Similarly, recent movies about Emperor Hirohito make him out to be a caring leader, who tried his best to rein in the militarists in Japan, but who could not quite pull it off because he was very limited in power.[1] Yet another movie, released in December 2013, presented the plight of the kamikaze pilots through their own eyes.[2]

This is postmodernism. There is no right or wrong. Just perspective. We are all human. And all humans err. “Was Hitler and Nazi Germany wrong?”, I asked a class one summer. No one replied. At last, a young woman piped up, “Well, it’s hard to say. What would you do if you were in their shoes?”

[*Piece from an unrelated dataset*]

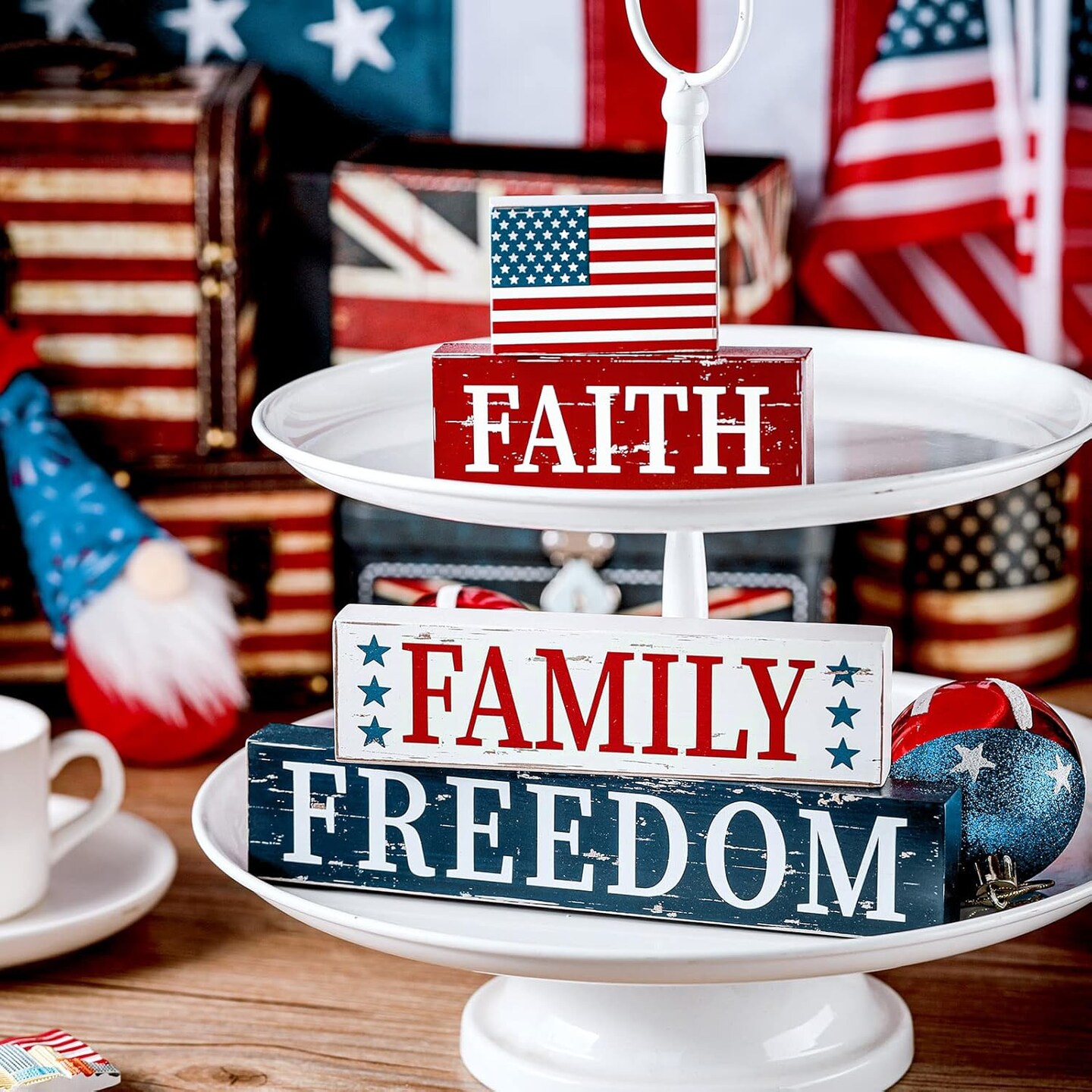 4 Pieces 4th of July Wooden Block Patriotic American Wood Sign Independence Day Tiered Tray Decorations Patriotic Wood Decor for Home Table Decoration, 4 Sizes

But postmodernism has been gobbled up in the last few years by something more evil, virulent, and nasty. Times have moved on, pluralism and postmodernism, although the birth parents of the new monstrosity, have been surpassed by their offspring. Like the evil rising from the pit, so this new movement is decidedly wicked, taking aim at all things traditional, seeking to destroy, corrupt, and kill. It takes the form of Antifa, the Deep State. It is embedded like tics in universities. It swarms like hoards in campuses. Blood drips from its mouth. Pluralism’s offspring has big sharp teeth and means to hurt and maim.

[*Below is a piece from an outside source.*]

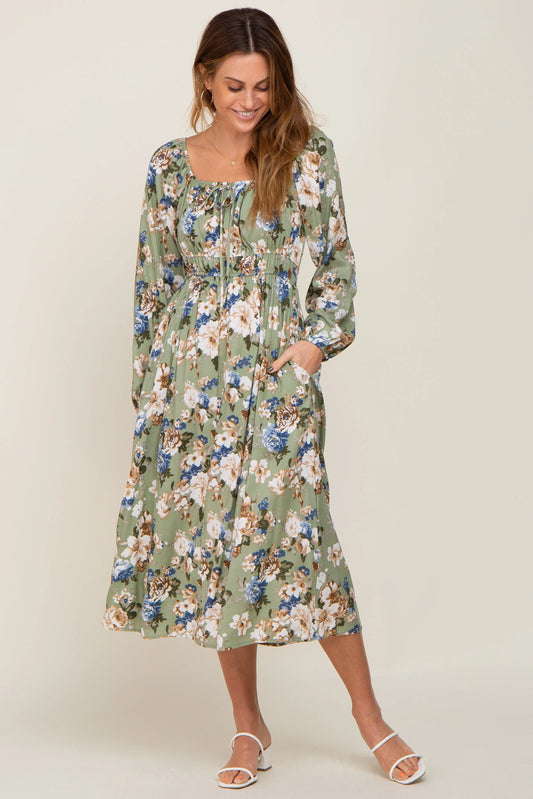Light Olive Floral Square Neck Midi Dress With Pockets PinkBlush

The new beast is in the spirit of Ouroboros, the ancient symbol of a dragon eating its tail. Self-cannibalistic, the new movement eats its own. Western nations are self-loathing, hating themselves. President Obama trashed the United States. Disney regularly ridicules white males and white fathers. Right now in Europe, nations are taking scissors and are cutting of parts of their bodies piece by piece. You cannot criticize Islam, for it is a religion of peace. You must support Islam. Meanwhile, Muslim immigrants plot, and rape, and kill citizens. If you criticize Islam, you're put in jail. If you preach an old-school Christian message, your fined or put in jail. Ironically, Pim Fortuyn, an openly-gay Dutch politician, opposed the influx of Muslim immigrants. He was assassinated by a Dutchman, who declared, “I shot Fortuyn for Dutch Muslims”.[3]

The next generation of American movies has already moved on to eat its own. The monster is already showing itself in war movies. America was to blame for this or that war, or for this or that military action. I can’t even be bothered citing the movies, there being so many of them.

Be strong, brother and sister. There is right and wrong. It is not a question of perspective. The Japanese were evil. Soldiers who worshiped the emperor, slaughtered innocent civilians, and treated prisoners like animals for the slaughter. Yes, the Japanese emperor was severely limited in his power. Yes, he did not ‘control’ the nation. Yes, he was overpowered by militarists. And, yes, he was, like the British monarch, essentially a figurehead of state. Nonetheless, HE declared war. HE supported the war. HE was worshiped as a god. HE had some power and influence, occasionally using it. As emperor and ‘god’, HE could have stood up a lot earlier against the continuation of the war, but he did not. HE did nothing about Japanese atrocities. And even though HE knew that Japan was entering into a war with America that was reckless, HE did not oppose it. Contrast that to King Haakon VII of Norway, during WW2, who stood against Nazi occupation, refusing to yield the government, and had to flee for his life. God is more powerful than Satan. Ouroboros will be slain. Only, let us fight a spiritual warfare: the word of God is our confidence, the Holy Spirit our protector. By faith we will overcome!






[1] Emperor, with Tommy Lee Jones, and The Emperor in August, starring my favorite Japanese actor, Koji Yakusho.
[2] The Eternal Zero, directed by Takashi Yamazaki.